Thanks a lot! Hearing that I inspire is extremely motivating.
The AAU allows you to take GAM classes even if you're ANM. In fact, that's what I'm doing. GAM used to be a part of ANM, but was made into it's own major after it gained popularity. I stuck with ANM though because I was so far into the program at that point that I would lose a big chunk of my units.
Some of the advanced classes for ANM are pretty good, but their basic classes are rather poor. The major suffers a bit from their faculty being mainly made up by veterans who were in the industry years ago, so while their resumes are impressive a lot of the principles they teach are pretty outdated. In GAM on the other hand a larger percentage of their faculty consists of teachers who are teaching on the side of freelancing or contract working so they are much more up to date with technology, techniques and industry standards. Unfortunately this means a lot of the teachers I've had have quit or found work elsewhere.
Some teachers I can think of from the top of my head that I know are still around and I can personally recommend are Micah Moore (creature design and marquette sculpting), Jeremy Roland (mudbox, and lowpoly modeling and texturing), Daniel Burwen (lowpoly modeling and texturing), Zimou Tan (analysis of form, and heads & hands), Thomas Gronbukt (clothed figure drawing), Mark Zjawinski (traditional sculpture), and Valerie Winslow (Anatomy).
But most of all:
>Work hard and do more than what is simply required for the homework. Do art every day even if it's just 15 minutes. The school is a huge institution and won't give you a job or great skills if you let them run you through the curriculum on autopilot, you have to work for it on your own, and you have to work your butt off at that.
>Respect and apply yourself to the foundation classes, they are some of the most important classes you'll take even if they aren't straight up 3D classes.
>Research classes and teachers ahead of time, never enroll blindly. The AAU allows you to sit in on classes so you can get a personal preview of how they are which I HIGHLY recommend!

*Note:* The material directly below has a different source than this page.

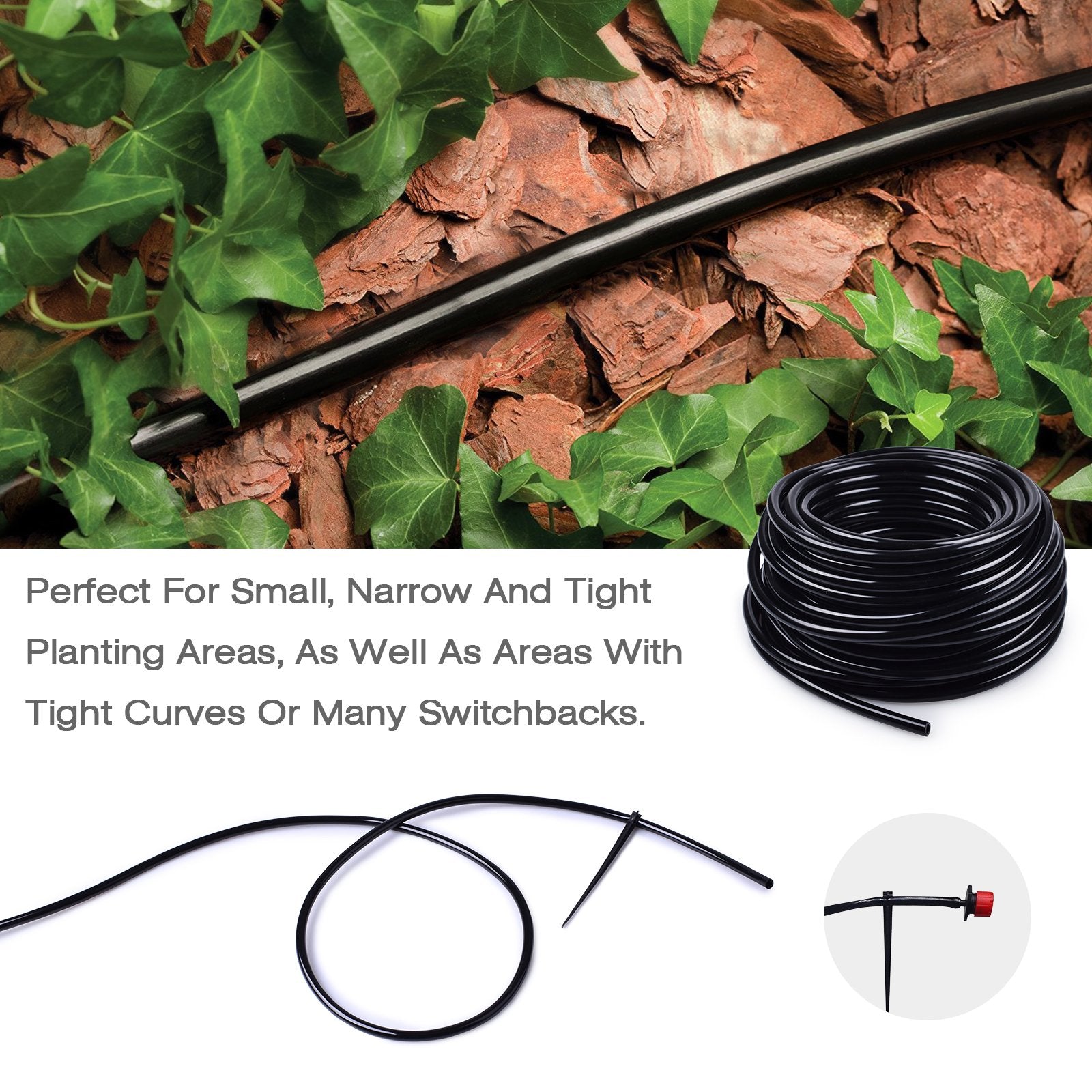 Mixc micro-bubblers and misters compatible for precise watering.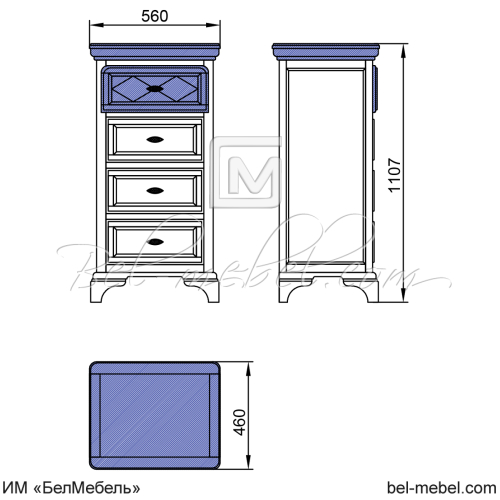 Комод "Софи" эскиз 57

>Swallow your pride temporarily and resist the temptation to let personal expression take priority over life studies. Working from reference and real life is extremely important when you're starting out, and once you get over that hill (which you honestly never will, but it will become less steep) your passion work will become exponentially better. But be careful so you don't get stuck in that mode for too long, it's important that you love what you make.